The response has to reproduce all entries exactly while excluding their pictures.

****************************************

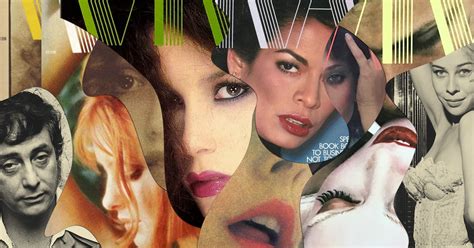 Stiffed Recalls Viva, A 1970s Porn Magazine For Women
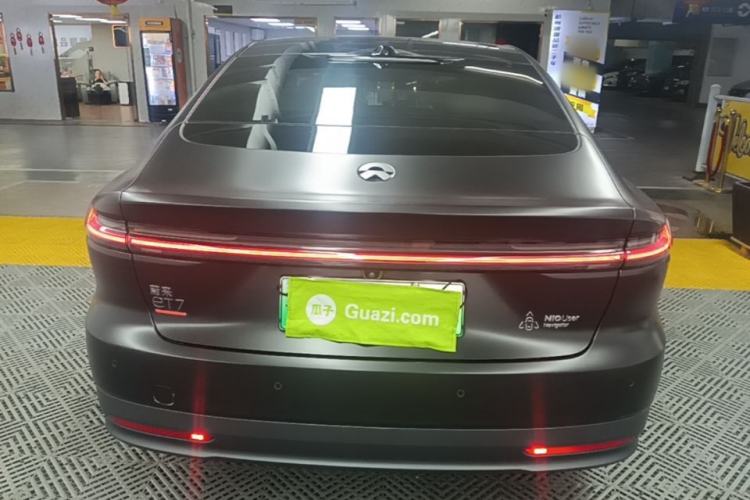Used Nio ET7 2022 100kWh First Edition
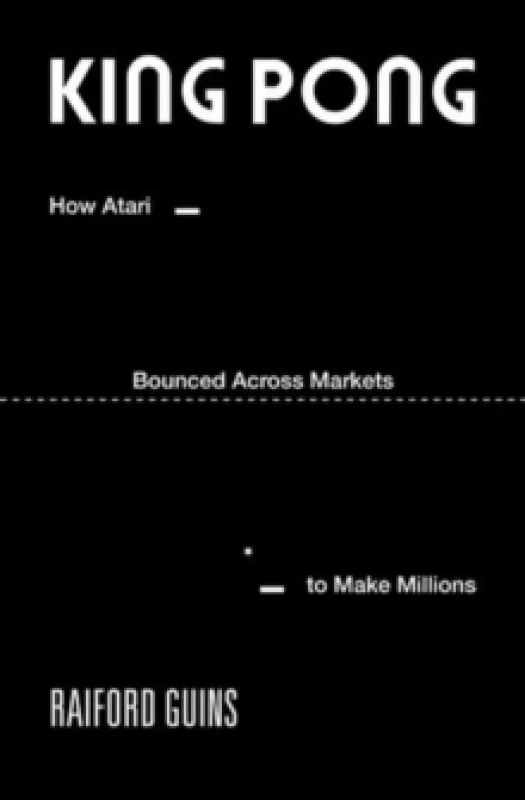 Image of King Pong. Paperback. By Raiford Guins Books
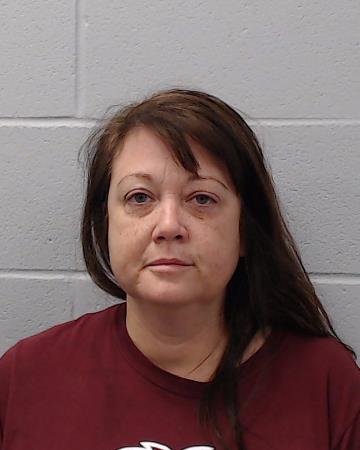 McNamara, Sarah Anne booking photo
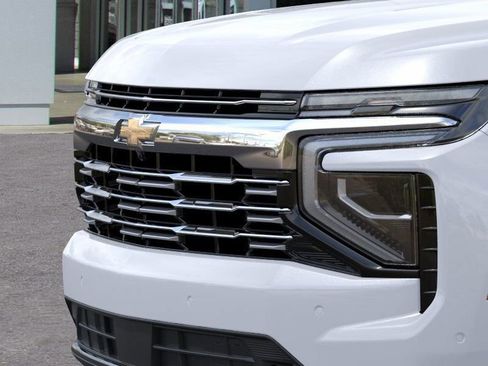 New 2026 Chevrolet Suburban Premier image 13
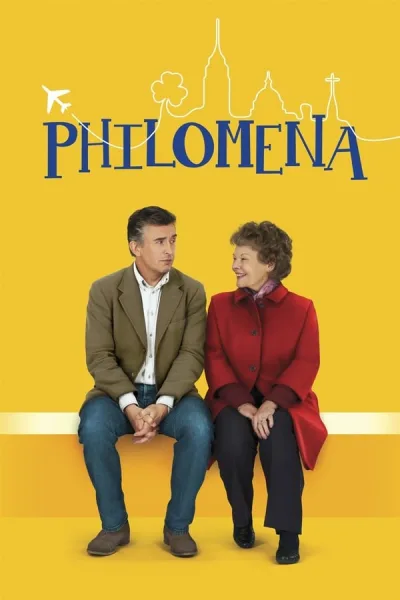Philomena (2013) โปสเตอร์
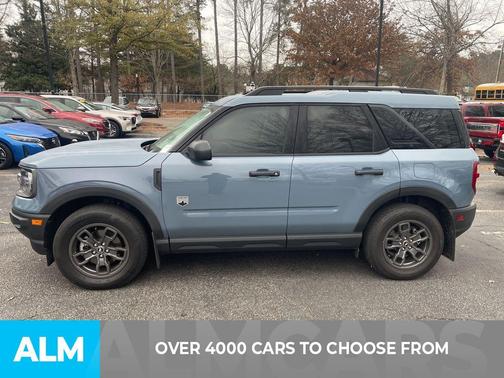 2024 Ford Bronco Sport Big Bend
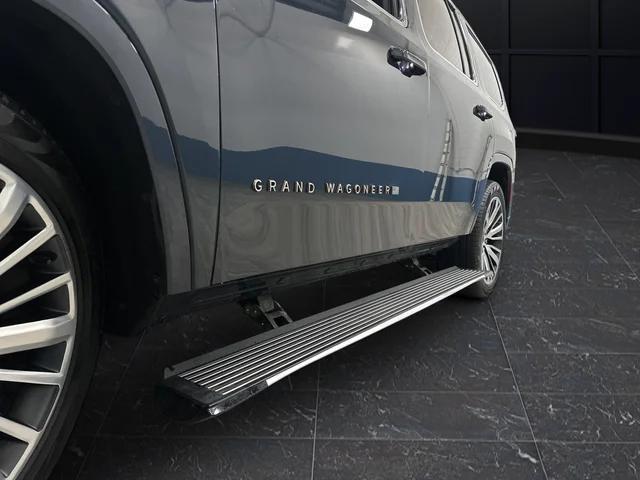 2024 Jeep Grand Wagoneer Series III 4x4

****************************************

--- RESPONSE ---
 Stiffed Recalls Viva, A 1970s Porn Magazine For Women
Used Nio ET7 2022 100kWh First Edition
 Image of King Pong. Paperback. By Raiford Guins Books
 McNamara, Sarah Anne booking photo
 New 2026 Chevrolet Suburban Premier image 13
Philomena (2013) โปสเตอร์
 2024 Ford Bronco Sport Big Bend
 2024 Jeep Grand Wagoneer Series III 4x4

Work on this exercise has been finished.